-- About this task --
Repeat what the lines below say, word for word, and skip every image.

-- Provided data --

Content starts

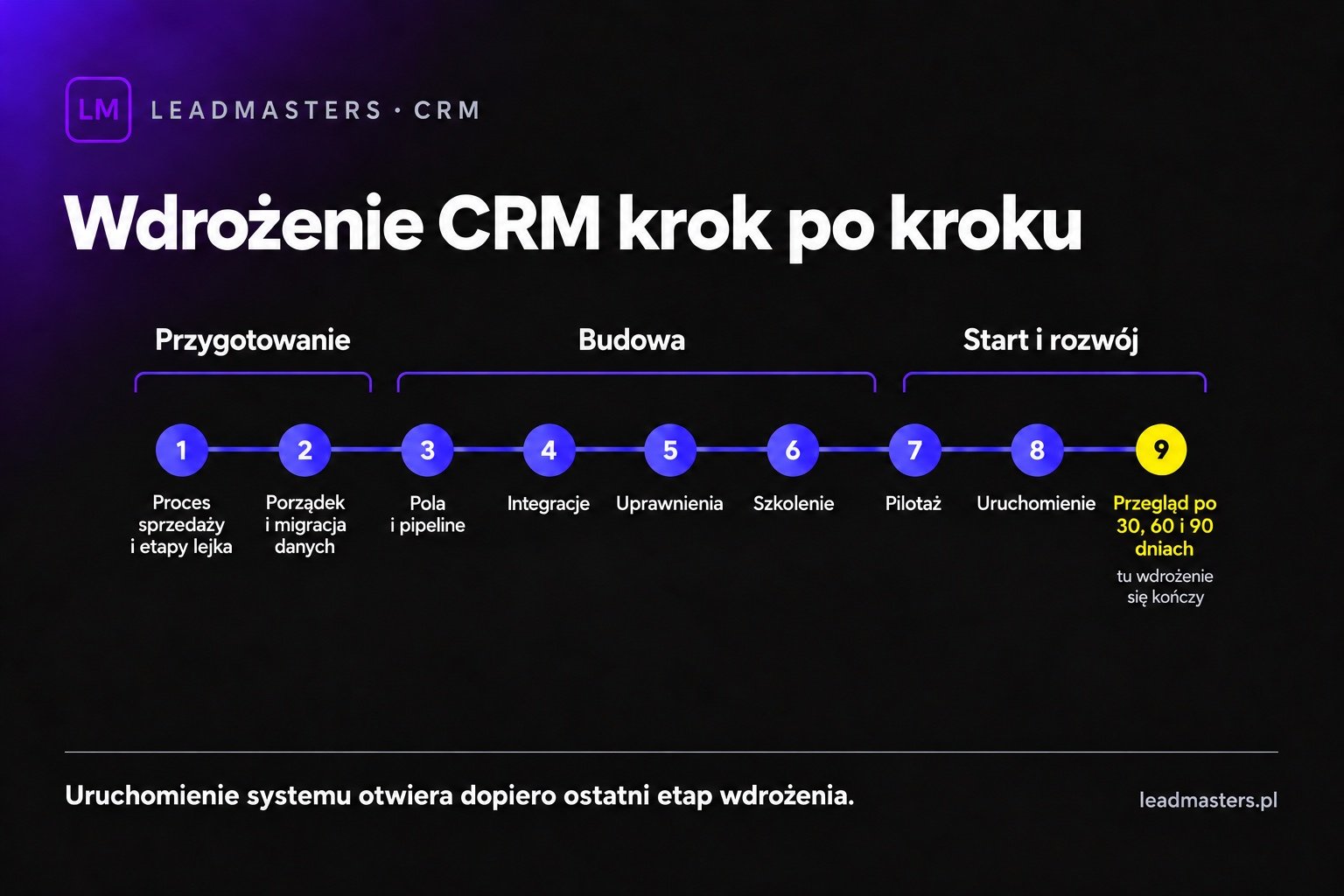Dziewięć etapów wdrożenia CRM w trzech fazach: przygotowanie, budowa i uruchomienie z przeglądem po 30, 60 i 90 dniach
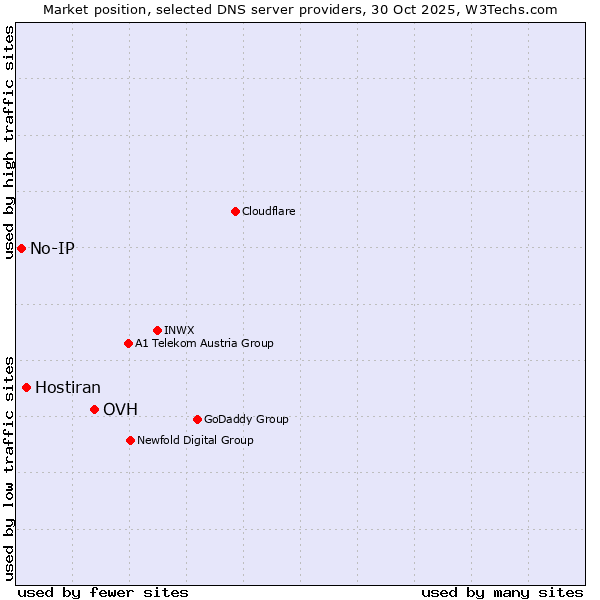 Market position of OVH vs. Hostiran vs. No-IP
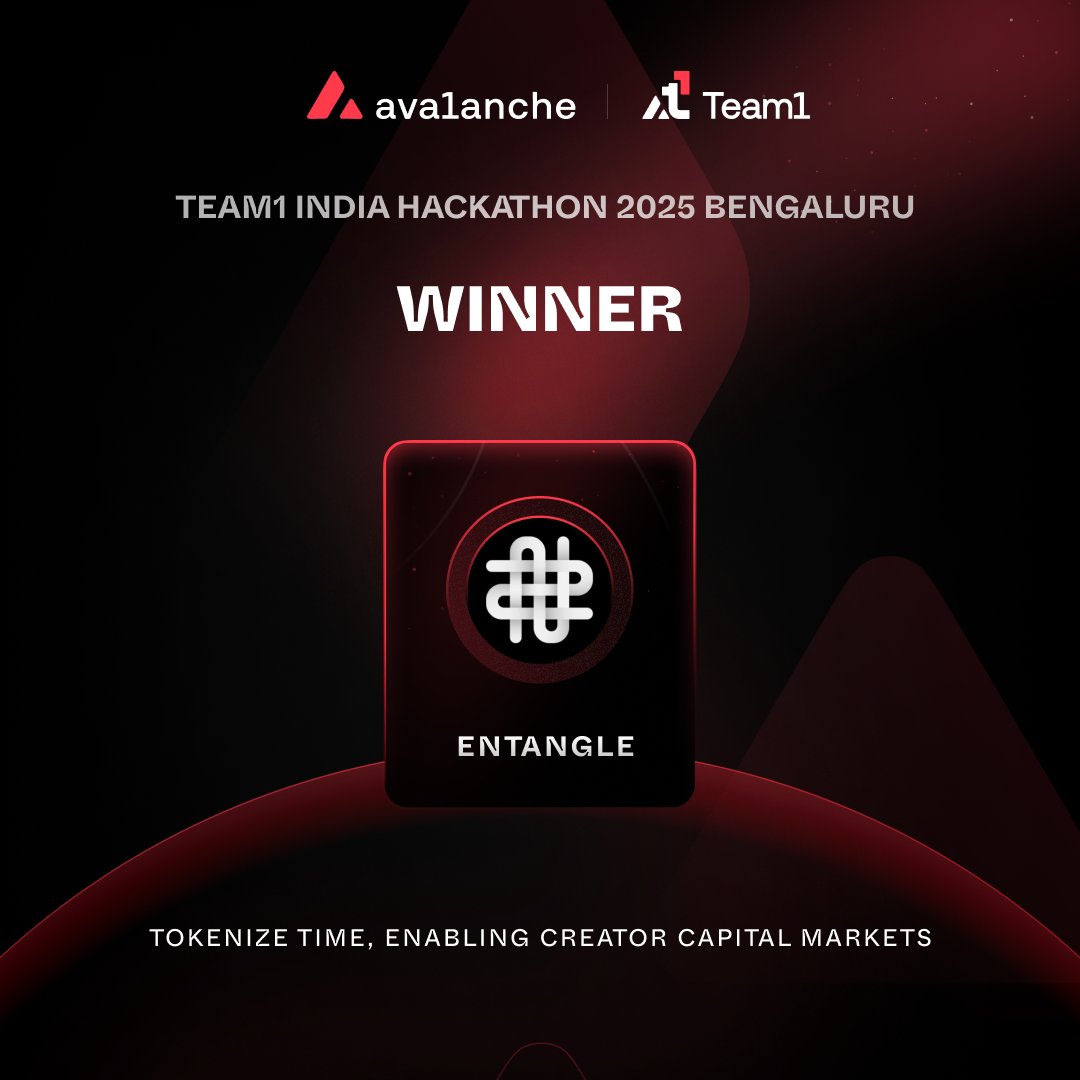 🥉 3rd Place:  WolfDAOClub by <a href="/Ciberexplosion/">Sachin</a>, <a href="/PrasadRajsurya/">cap10</a>, @1o1_Kumar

Content ends

-- Answer to this problem --
Dziewięć etapów wdrożenia CRM w trzech fazach: przygotowanie, budowa i uruchomienie z przeglądem po 30, 60 i 90 dniach
 Market position of OVH vs. Hostiran vs. No-IP
 🥉 3rd Place:  WolfDAOClub by <a href="/Ciberexplosion/">Sachin</a>, <a href="/PrasadRajsurya/">cap10</a>, @1o1_Kumar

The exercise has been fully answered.